◆ WHAT TO DO ◆
Without the pictures, restate all of the data below word for word.

[Items from a dataset]
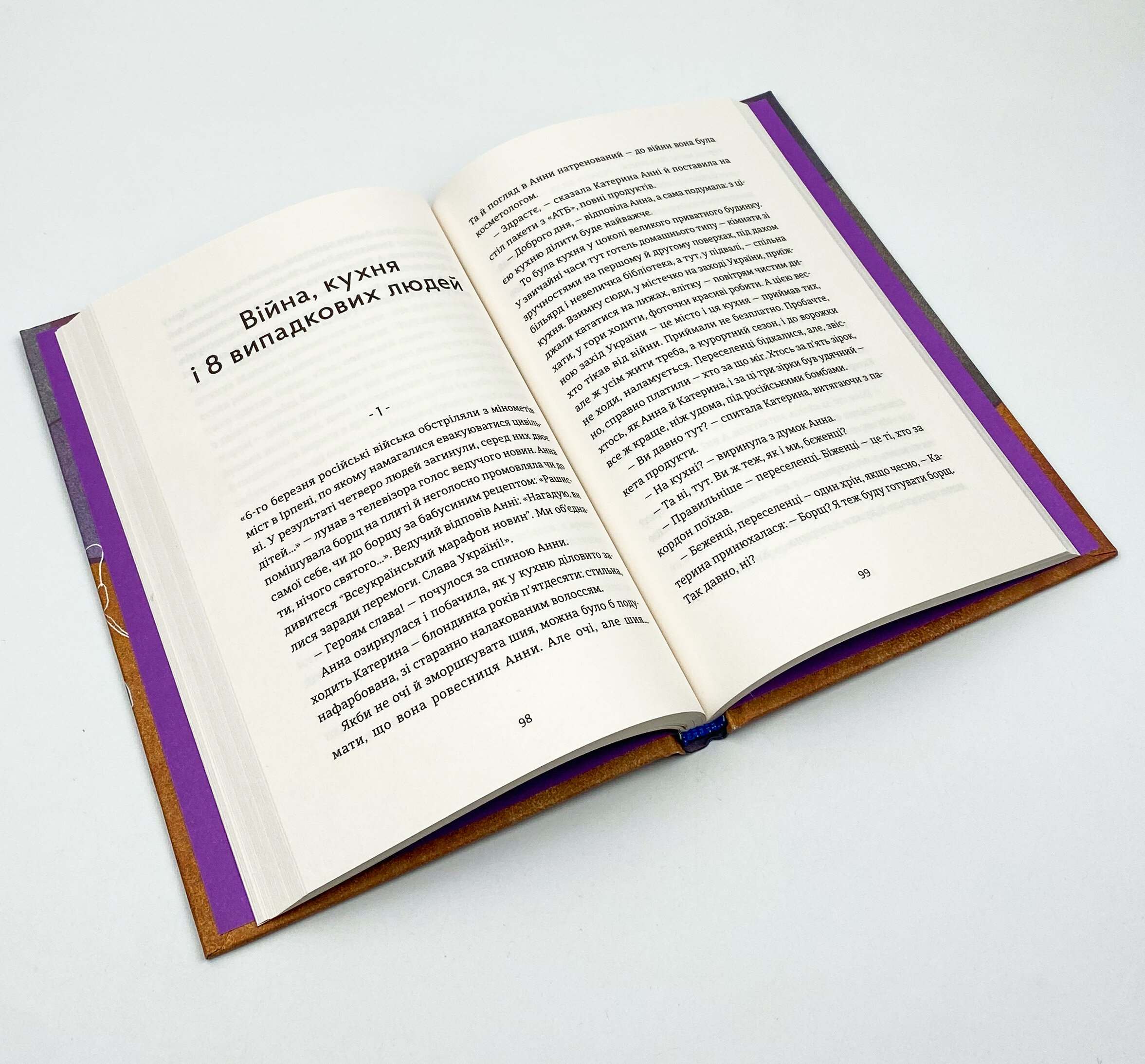 Чужа-своя-рідна. Автор — Ірина Феофанова. 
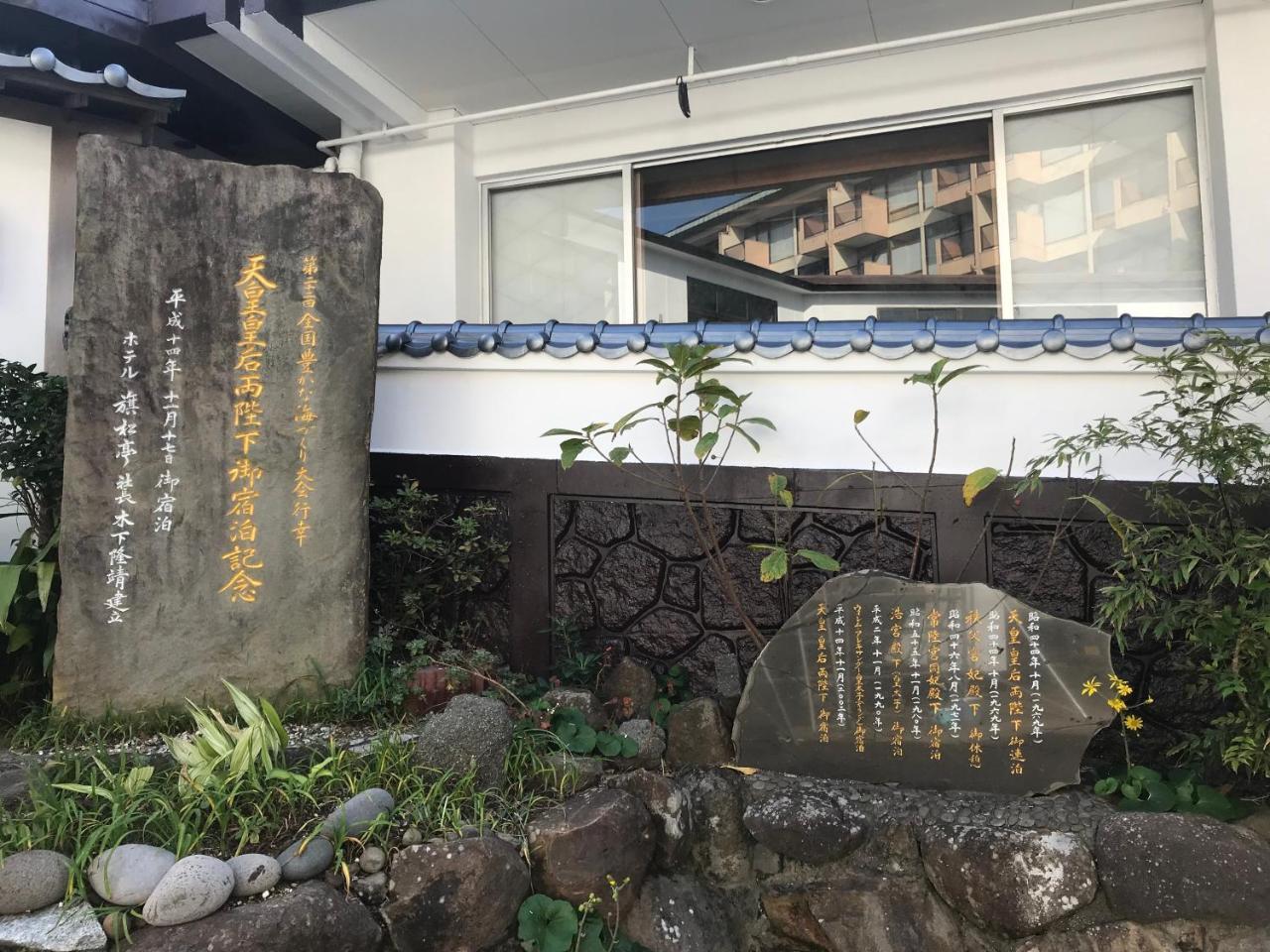 Kishotei Hirado Exterior foto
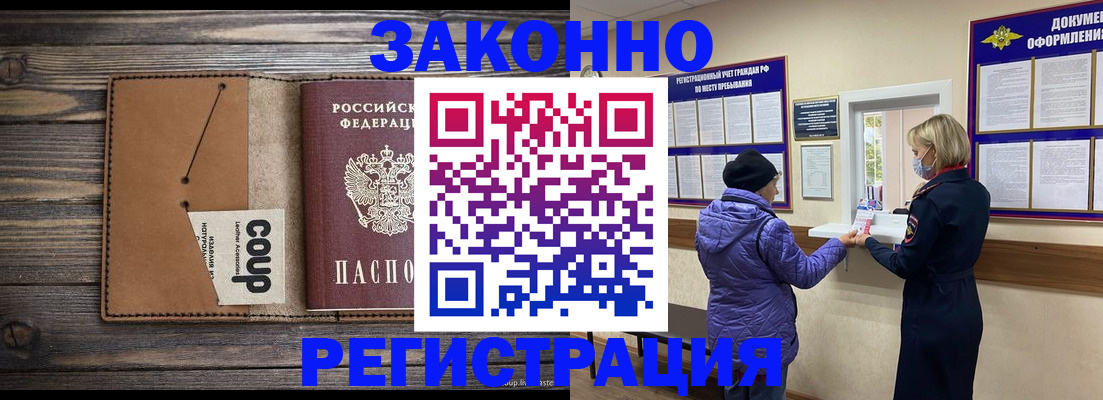 временная прописка в Болхове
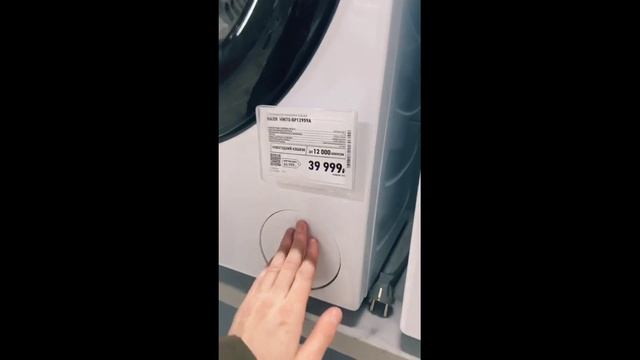 Открываем дверь стиральной машинки в ручную.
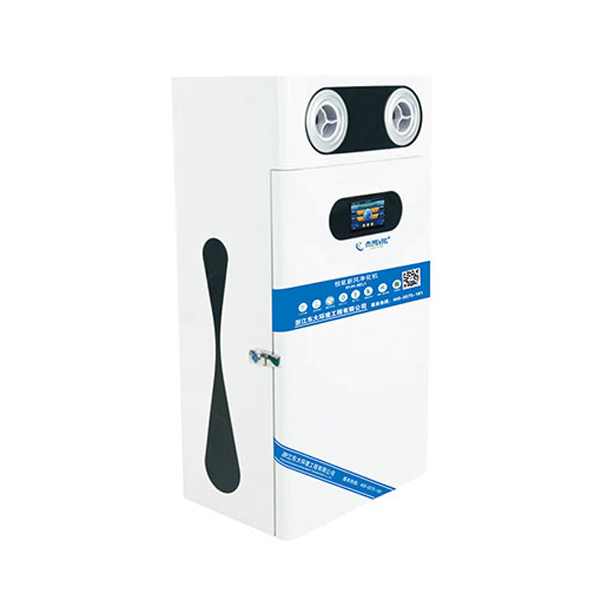 Justfor fresh air purifier（XFJH-80L1）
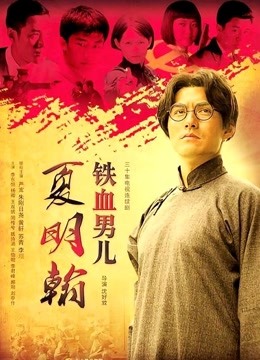 宝儿茹-微密圈VIP专享图 08月09日 浴室套图 剥壳鸡蛋[72P][167MB百度盘]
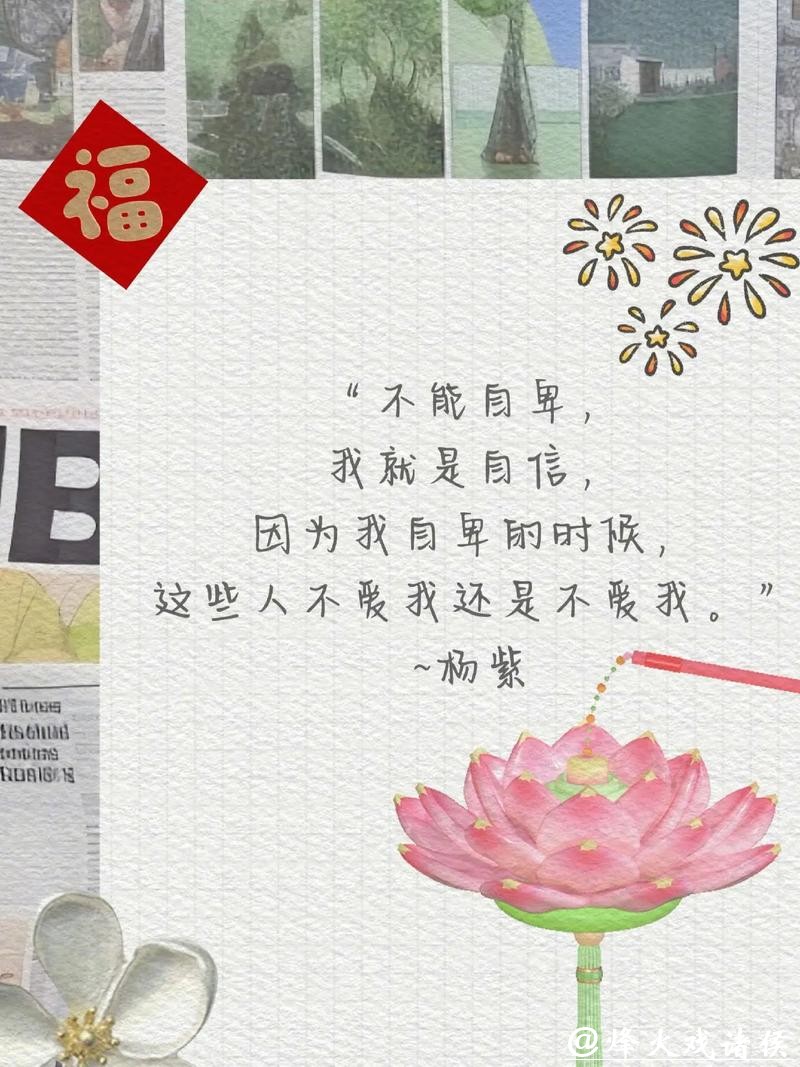 央媒“点名”33岁杨紫,传递三大信号,宋丹丹一句话都未失言 央媒“点名”33岁杨紫,传递三大信号,宋丹丹一句话都未失言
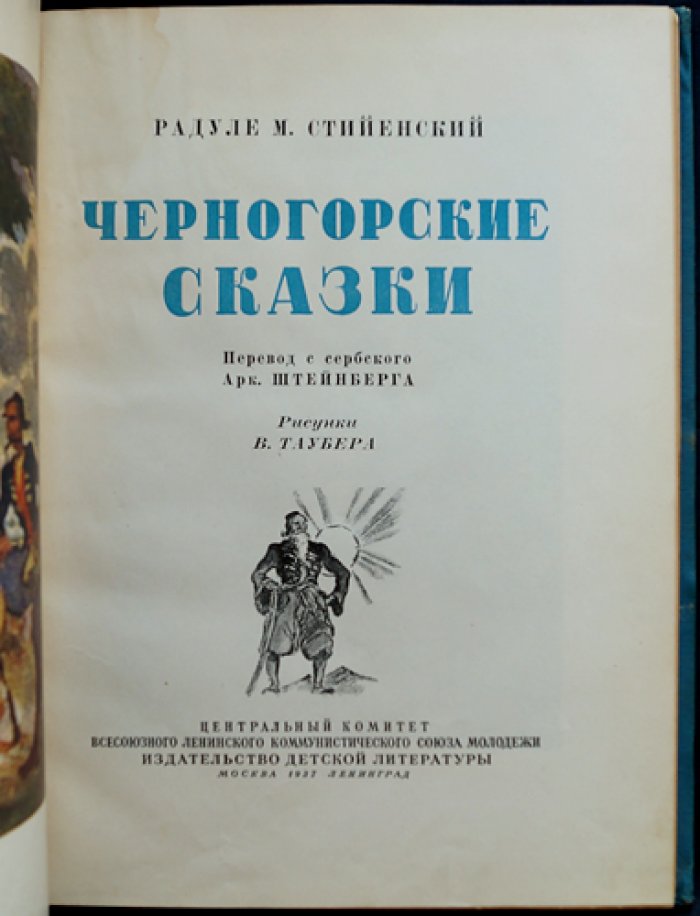 Черногорские сказки (с иллюстрациями): стародавняя песня, сказки и сказания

◆ SOLUTION FOR THIS EXERCISE ◆
 Чужа-своя-рідна. Автор — Ірина Феофанова. 
 Kishotei Hirado Exterior foto
 временная прописка в Болхове
 Открываем дверь стиральной машинки в ручную.
 Justfor fresh air purifier（XFJH-80L1）
 宝儿茹-微密圈VIP专享图 08月09日 浴室套图 剥壳鸡蛋[72P][167MB百度盘]
 央媒“点名”33岁杨紫,传递三大信号,宋丹丹一句话都未失言 央媒“点名”33岁杨紫,传递三大信号,宋丹丹一句话都未失言
 Черногорские сказки (с иллюстрациями): стародавняя песня, сказки и сказания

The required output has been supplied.